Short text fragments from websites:
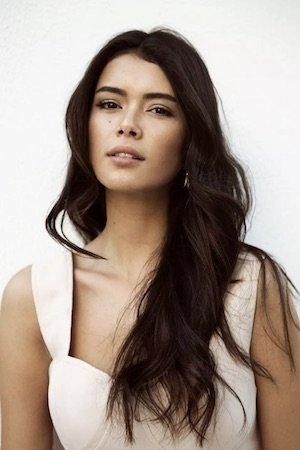 Foto de Seray Kaya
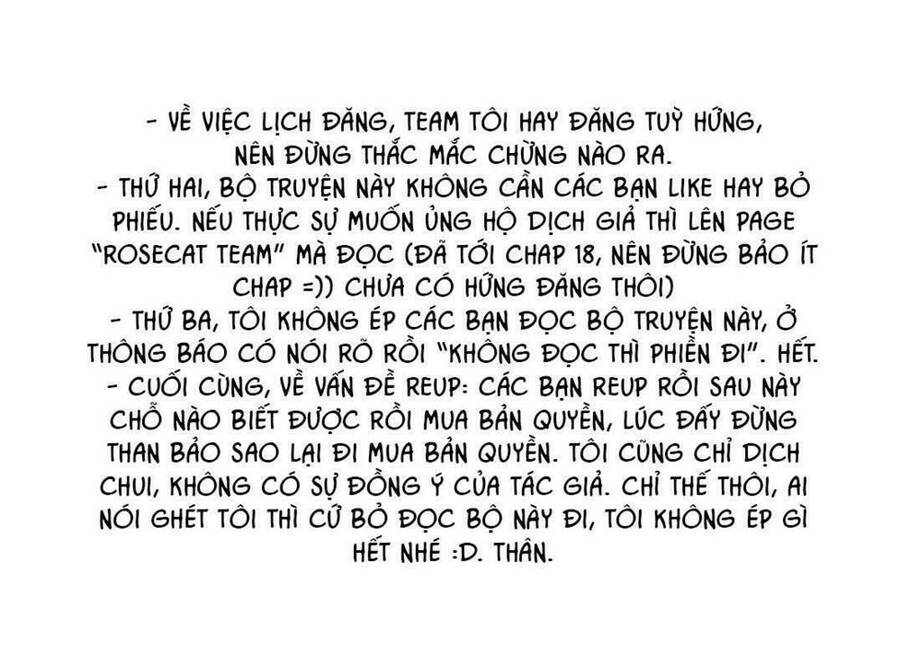 Bản Khế Ước Với Nữ Công Tước Ác Ma - Chương 6 - Trang 74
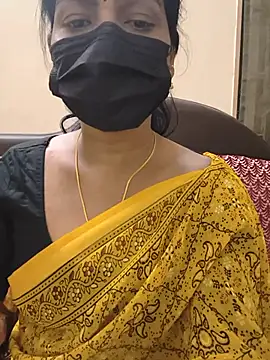 Rithya27 online show from 8, 7, 2026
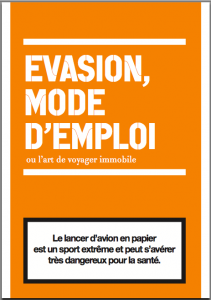 guide-evasion-easyjet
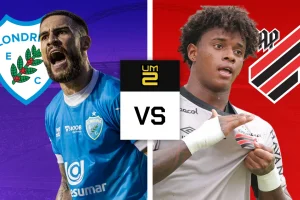 NS-Fixture-Head-to-Head-Email-UmDois-17-1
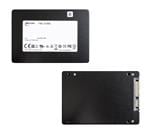 Micron MTFDDAK512TBN-1AR1ZABHA Pinalaking Image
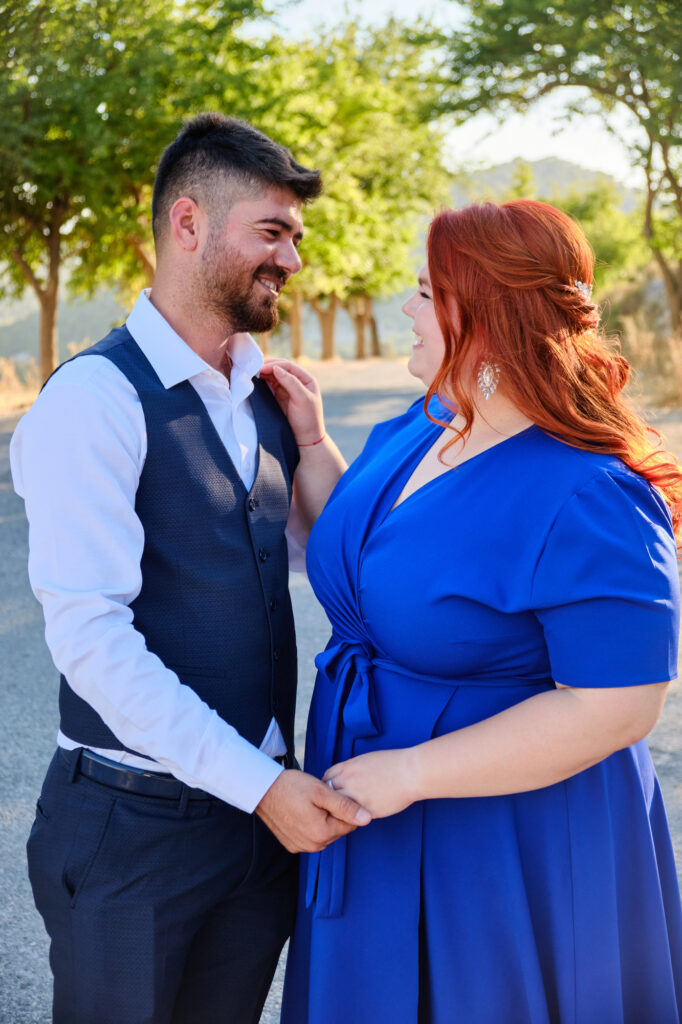 full body photos on dating profiles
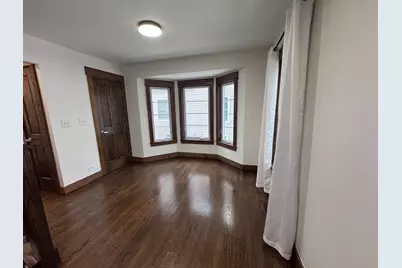 754 S Spring Road, Elmhurst, IL 60126 - Photo 10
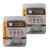 Poulan Chainsaw 2 Pack Cutting Chain 56DL - 581562201-2PK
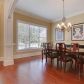 420 Society Street, Alpharetta, GA 30022 ID:13017594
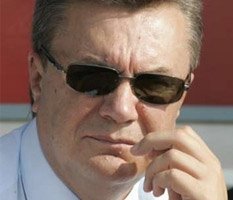Сыр и пиар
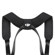 DJI RC Plus 2 Strap & Bracket: Picture 4 thumbnail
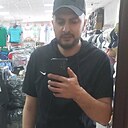 Тимур, 26 лет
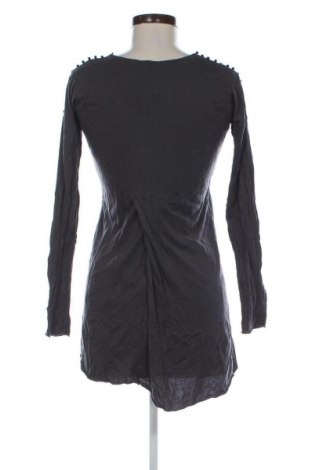 Dámská halenka Unbranded, Velikost S, Barva Šedá, Cena  49,00 Kč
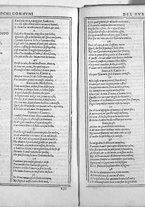 libroantico/BVEE015417/0179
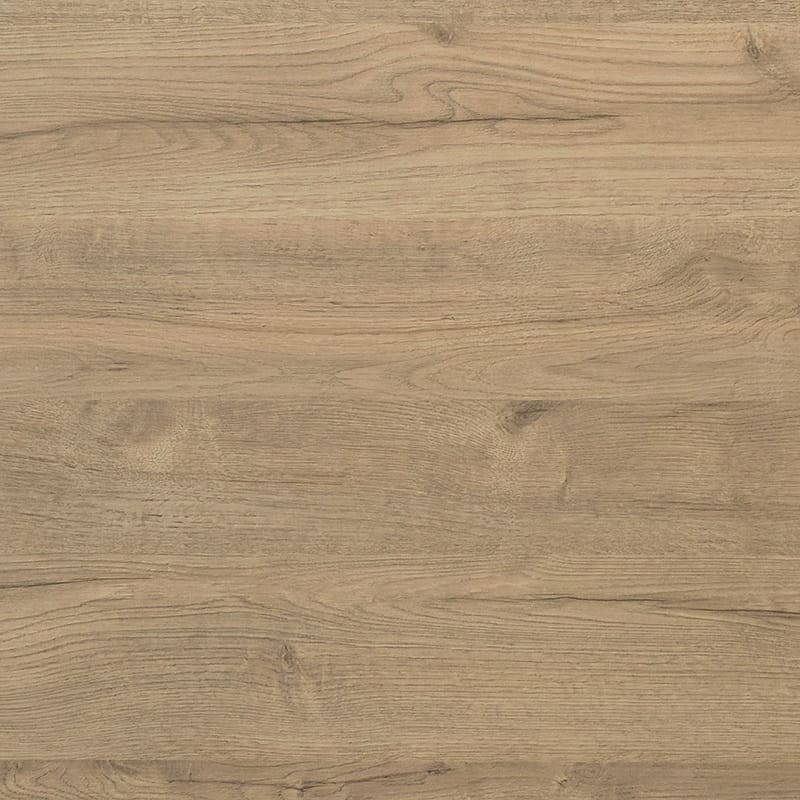 Кут Luxeform L151/R6-1U Дуб Манчестер 900х900х28мм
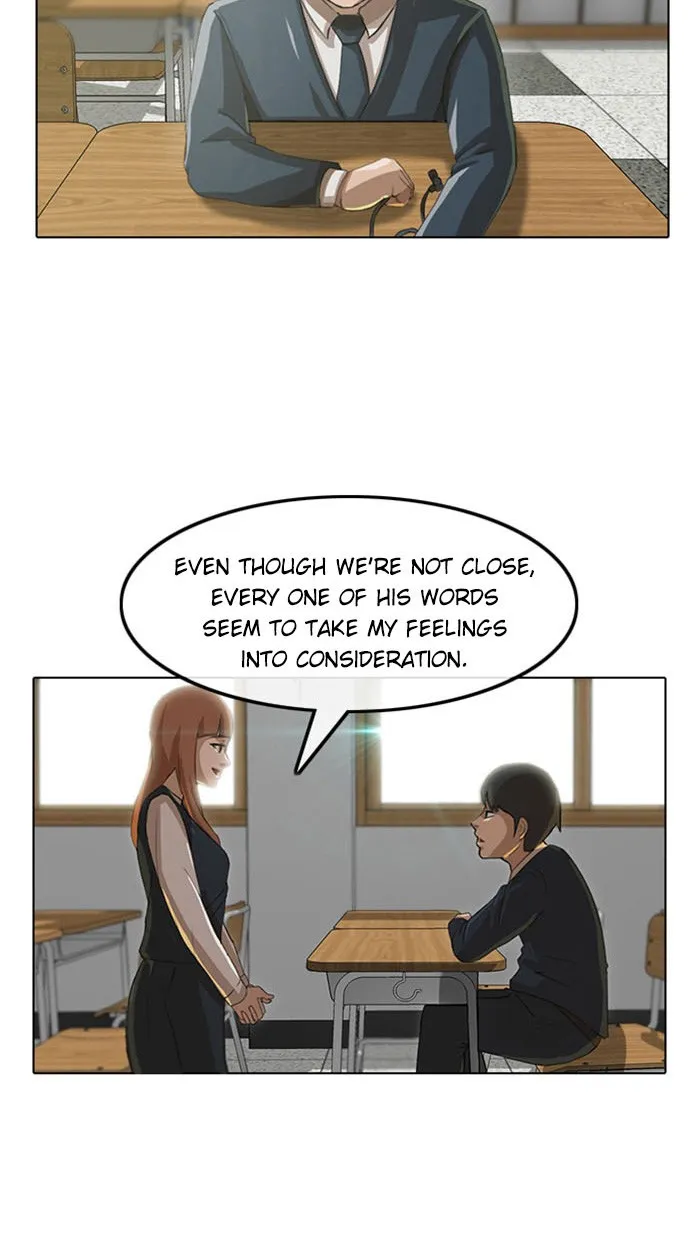 Read Random Chat Manga Online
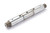 Welle Faun Sidelift C240 Hubkippvorrichtung D: 35 l: 254  (01077067)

▶ **Work order**:
Give back the data exactly. Skip any images.

▶ **Exercise result**:
 Foto de Seray Kaya
 Bản Khế Ước Với Nữ Công Tước Ác Ma - Chương 6 - Trang 74
 Rithya27 online show from 8, 7, 2026
 guide-evasion-easyjet
 NS-Fixture-Head-to-Head-Email-UmDois-17-1
 Micron MTFDDAK512TBN-1AR1ZABHA Pinalaking Image
 full body photos on dating profiles
 754 S Spring Road, Elmhurst, IL 60126 - Photo 10
 Poulan Chainsaw 2 Pack Cutting Chain 56DL - 581562201-2PK
 420 Society Street, Alpharetta, GA 30022 ID:13017594
Сыр и пиар
 DJI RC Plus 2 Strap & Bracket: Picture 4 thumbnail
 Тимур, 26 лет
 Dámská halenka Unbranded, Velikost S, Barva Šedá, Cena  49,00 Kč
 libroantico/BVEE015417/0179
 Кут Luxeform L151/R6-1U Дуб Манчестер 900х900х28мм
 Read Random Chat Manga Online
 Welle Faun Sidelift C240 Hubkippvorrichtung D: 35 l: 254  (01077067)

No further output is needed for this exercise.